I’m working on some stuff related to what is described in the recent Meta Pseudo Labels paper (https://arxiv.org/abs/2003.10580). The process involves updating the weights of one network in a differentiable way and then using the same network (or probably a copy of it) with updated weights to compute another output.
The problem is, it seems that it’s not that straightforward to do this as I initially thought…
My current code (one training iteration) looks like this:
teacher_logits = teacher(unsupervised_batch) student_logits = student(unsupervised_batch) student_loss = kldiv( torch.log_softmax(student_logits, dim=1), torch.softmax(teacher_logits, dim=1) ) student_loss.backward(create_graph=True) teacher_optimizer.zero_grad() # Here I want to obtain a new student but continue to track the gradients. # Normally I would use p2.data -= lr * p1.grad. # Updated student is just a copy of the original student. for p1, p2 in zip(student.parameters(), updated_student.parameters()): p2 -= lr * p1.grad # this expectedly fails as p2 is a leaf variable student_logits = updated_student(student_data) student_logits.squeeze_(dim=1) student_loss = ce(student_logits, student_labels) student_loss.backward() teacher_optimizer.step()

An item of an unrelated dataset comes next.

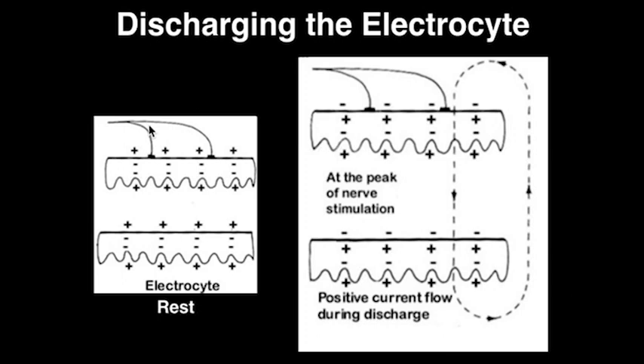In either case, the pacemaker nucleus becomes activated, in turn activating these acetylcholinergic neurons, prompting them to release acetylcholine. Acetylcholine will then bind to receptors on the electrocyte's membrane.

I could make it work if I write the student in a functional fashion, such that
student(x, params) is a function that takes a batch of data points and the parameters. While this is doable for small networks, that would be super inconvenient to do so for larger models. I wish I could run the
updated_student with the updated weights in a differentiable fashion and stay with regular PyTorch nn.Module paradigm.